Without a doubt, Halloween is one of the most fun holidays for kids (and a lot of grownups). The costumes and treats that make it so exciting, however, do present the potential for risk that parents need to manage. The good news is that it only takes a few common sense steps to ensure a safe, enjoyable holiday.
The impulse to start eating candy as soon as it’s in the bag is undeniable. We always recommend making children wait until you’ve had a chance to inspect their treats back at home before letting them indulge.
You can help make it easier for ancy children to wait by feeding them a snack or dinner before heading out. Don’t send them out trick-or-treating or to a Halloween party on an empty stomach. You may even want to consider giving them a piece or two of candy from what you’ll be giving out. It can help curb the compulsion to dig in right away.
Of course, if your child has a food allergy, the need to inspect it before eating is all the more important. Carry a couple of allergen-free treats while out trick-or-treating in case they’re needed. We also recommend against letting a child with allergies eat any homemade treats.
Unfortunately, pedestrian injuries are common on Halloween. With a little extra attention we can easily make interactions with cars and general obstacles a non-issue. Visibility is one of the most important factors for trick-or-treaters. It’s one of your duties as a parent to be creative with how you can illuminate your children.

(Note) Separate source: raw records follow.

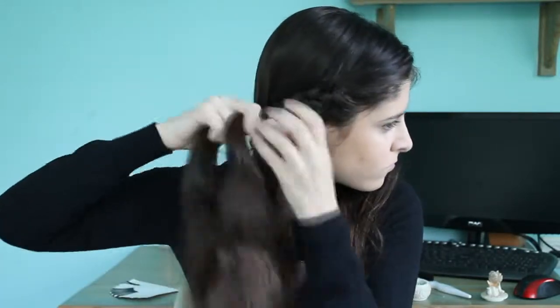When you come to braid the front parts, just the first couple of inches — braid them facing backwards so it won't jump in a weird way when we try to pull them to the back of our heads. So just take the hair and braid it facing to the back of your head. At first it will feel really uncomfortable and really annoying, but you just need to reach to your ear and then you can braid it normally. Do the same with the other side as well.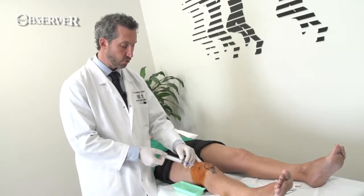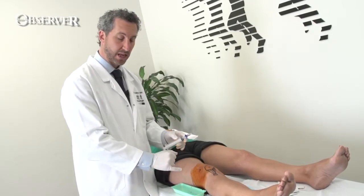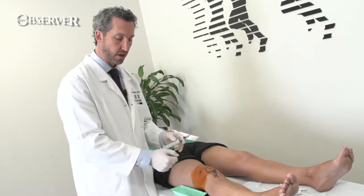Warn the patient that there's going to be a sharp sting. If you're worried about the patient's pain level, you can inject a small amount of lignocaine into the skin or use a freezing spray.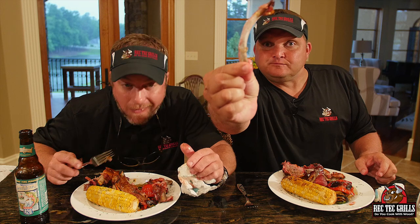We got the summer medley grilled up — you saw that. We also grilled some corn on the cob. Visit www.rectechgrills.com. You won't be sorry.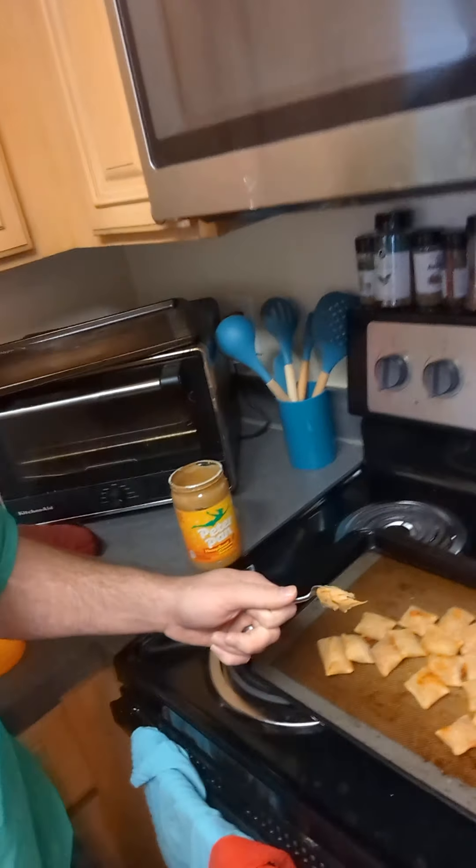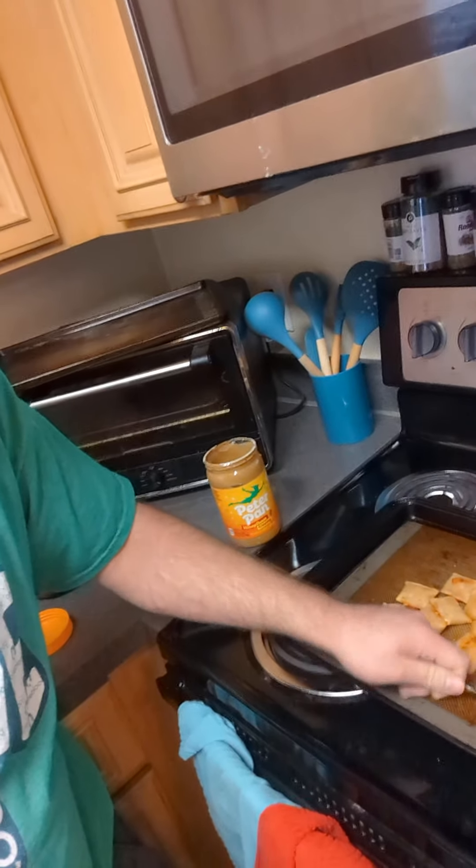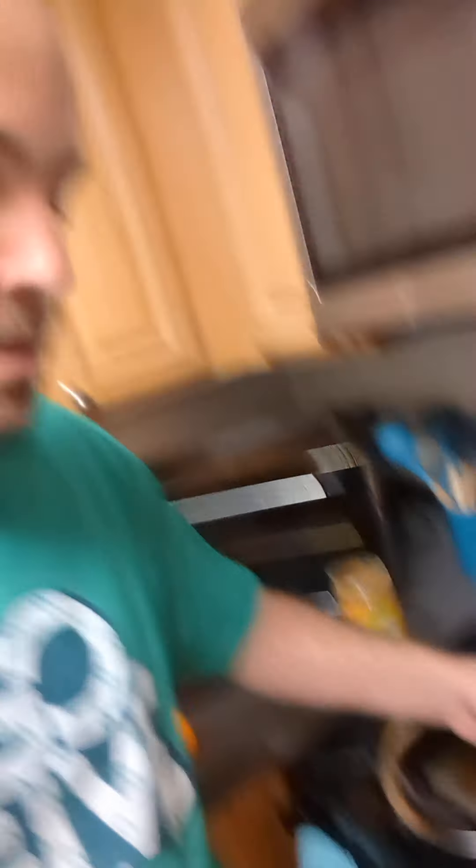I'm going to grab a pizza roll — all handy, right? I'm going to just slather it on there, take it like this, like a spoonful. And this is a triple meat pizza roll. The ultimate test. Okay, let's do this.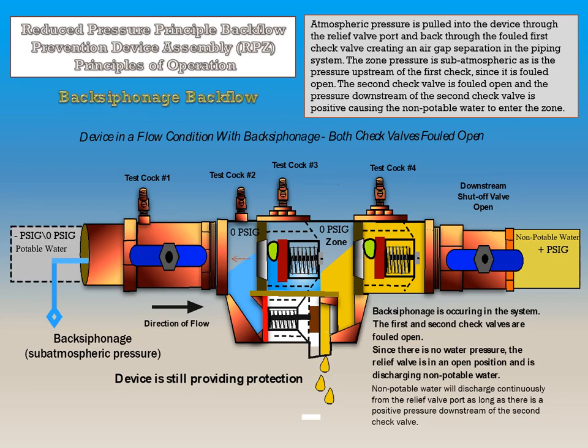If this device is in a flow condition with back siphonage and both check valves are fouled open, non-potable water will discharge continuously from the relief valve port as long as there is a positive pressure downstream of the second check valve. The relief valve will be in an open position since there is no water pressure keeping the relief valve closed. Atmospheric pressure is pulled into the device through the relief valve port and back through the fouled first check valve, creating an air gap separation in the piping system. The zone pressure is sub-atmospheric, as is the pressure upstream of the first check valve since it is fouled open. The second check valve is fouled open, and the pressure downstream of the second check valve is positive, causing non-potable water to enter the zone. Since the relief valve is open, this device is still providing protection.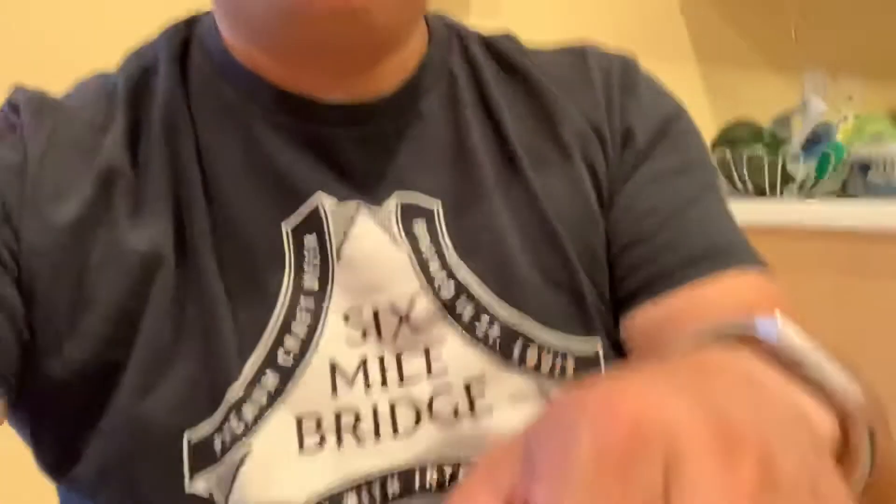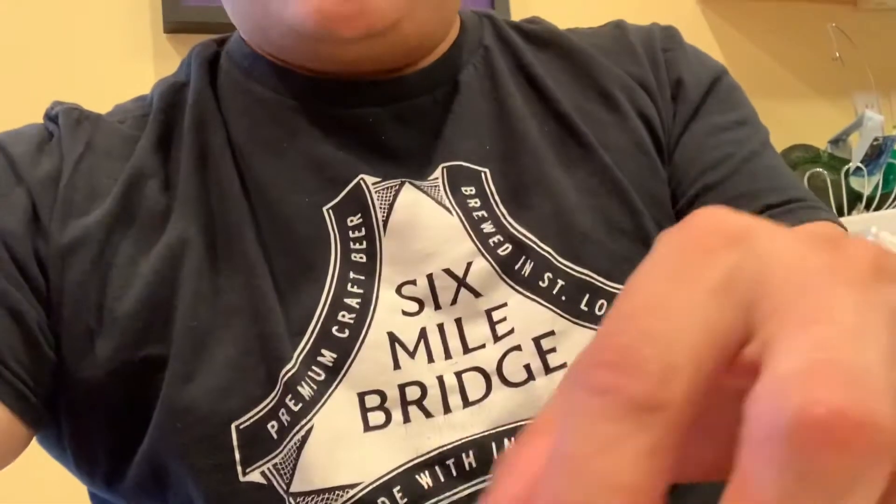Let's give this a go. Oh yeah, shout out to Six Mile Bridge, local brewery. I know, I don't even drink beer right now. I try to save it for days I'm going to deal with gluten issues. Look at that. Saucy, Filipino style. No tomatoes, just hot sauce and sausage.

Flashlights and glow sticks are two tried and true methods. It’s also easy to add reflective tape and stickers to bags, shoes and backs without disrupting their costumes. Face paint provides better, unobstructed sight than masks. And while a lot of costumes can run in darker tones, there are often multiple versions of any given character. When possible, nudge your kids toward the brighter, more colorful versions of their costume.
Beyond costumes and accessories, simply do your best to ensure everyone follows common expectations and maintains general awareness of their surroundings. When available, always use sidewalks and crosswalks. Stay in a big group to increase your visibility. Most importantly, never assume a driver sees you.

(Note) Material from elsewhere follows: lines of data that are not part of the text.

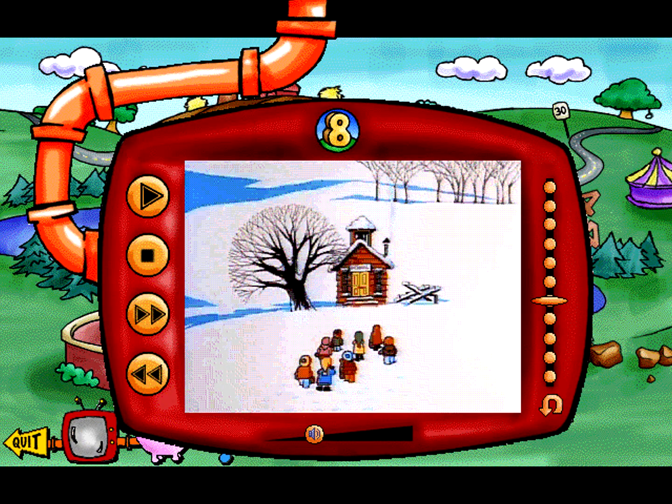Enjoy 11 original videos from the Schoolhouse Rock series, including the favorites My Hero Zero and Three's a Magic Number.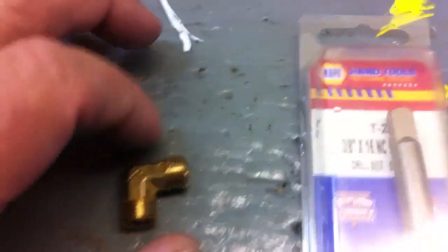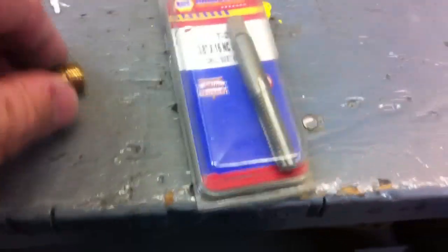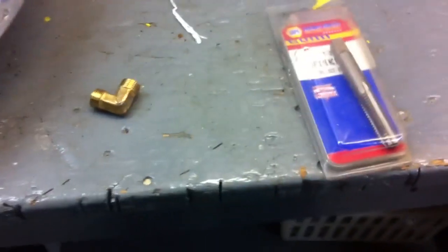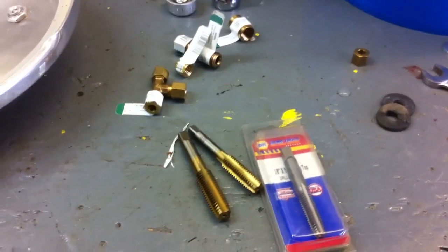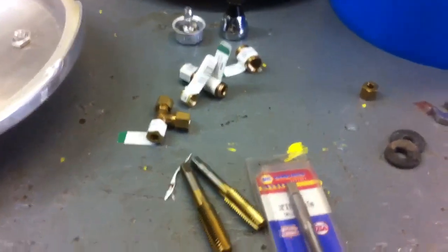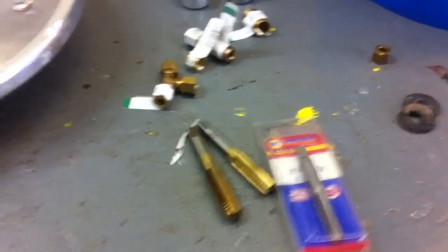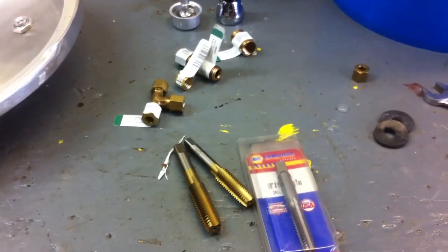I have to go back to Ace Hardware — I don't have a tap this size. This is the biggest tap I have and it's not quite big enough. It only took a couple of hours; half the day's gone going after parts. I thought Ace Hardware opened at noon on Sunday but they opened at 1, so I had to sit out there and wait an hour.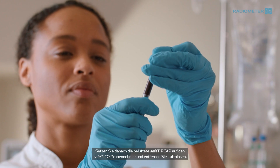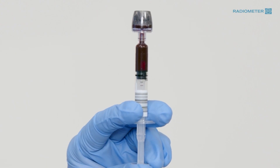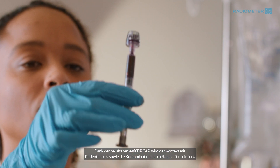After taking the sample, place the Vented Safe Tip Cap on the SafePico syringe and expel air bubbles. The Vented Safe Tip Cap helps minimize healthcare professionals' contact with patient blood, as well as room air contamination.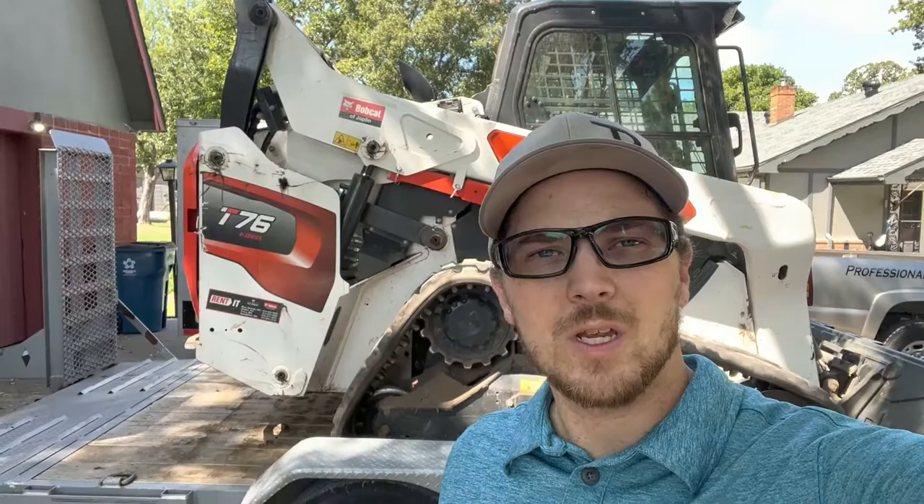My name is Carson. Welcome to Thrifty Garage, a channel where we do everyday repairs, how-tos, and reviews.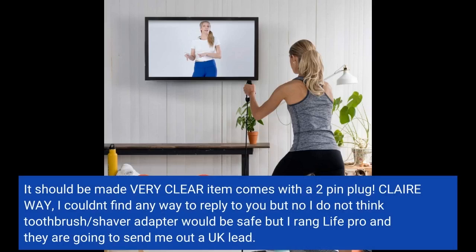I couldn't find any way to reply to you, but no, I do not think a toothbrush or shaver adapter would be safe. I rang LifePro and they are going to send me out a UK lead.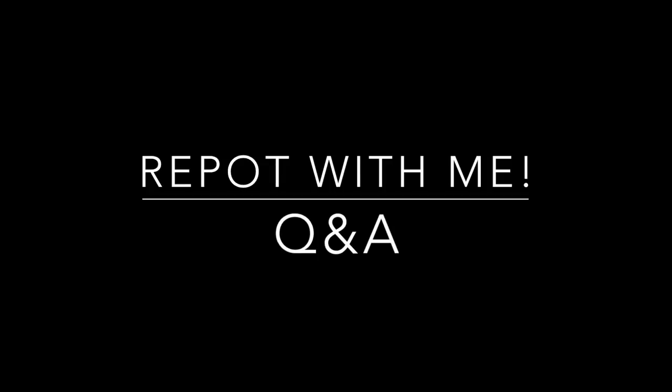Hey guys and welcome back to my channel! So today we are going to do something a little bit different. We are going to repot some plants that I've been meaning to repot for a little while now. And I'm going to do a little Q&A. About a month ago I had asked you guys on Instagram to ask me a question. People have questions, so I'm going to answer them and I have my daughter behind the camera who's going to read them off to me while we repot. So let's get started.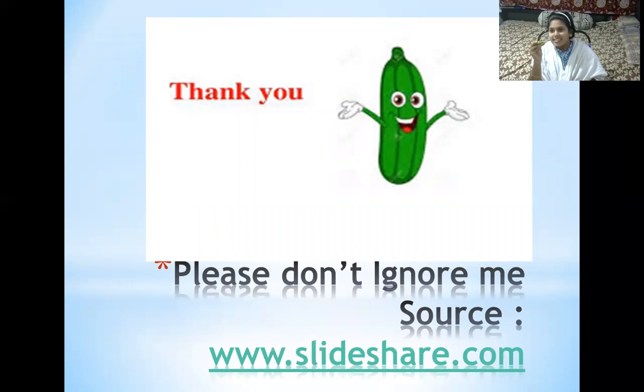At last, bindi is thanking all those who are watching this video, saying please don't ignore me. Please try to eat bindi once a week or whenever possible. Thank you all for watching and listening to this video. Thank you once again.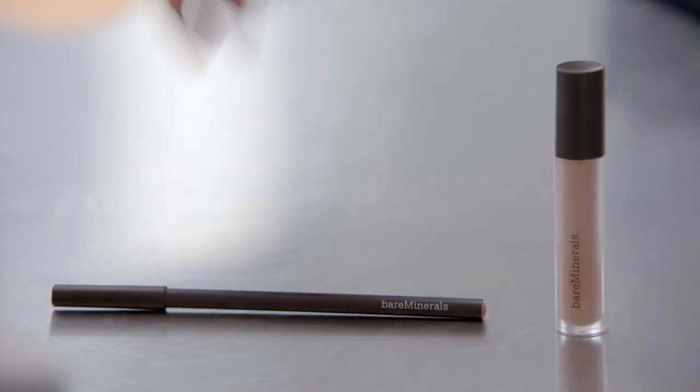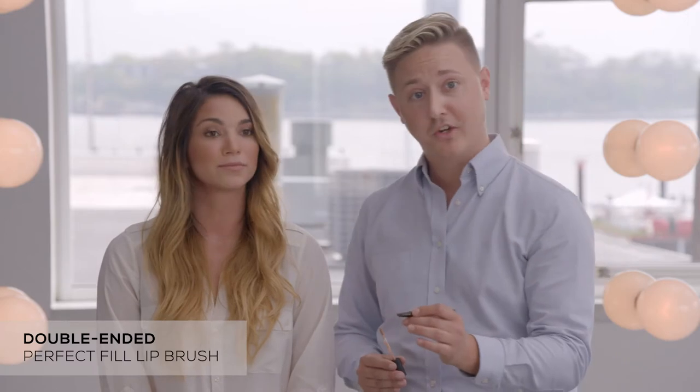What I like to do is pick up a little bit with my double-ended lip brush, and I'm actually going to use the scoop side for this to get a light application. You just take it right from the applicator. I'm going to do a little bit of this on the bottom and start from the center and work my way in. How do your lips feel? They feel really soft and velvety.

If you have older kids, sketch out where they’re going and who they’re going with. Remind them to follow expected pedestrian behavior and to be aware of cars that are turning or backing up.
Don’t Worry, Be Scary
Despite all of the concern over keeping your children safe, it’s important to embrace the holiday and let kids (and adults) be kids. With a little attention and preparation, you can easily keep your family safe while letting imagination and mischief run wild. Stay safe and have a happy Halloween!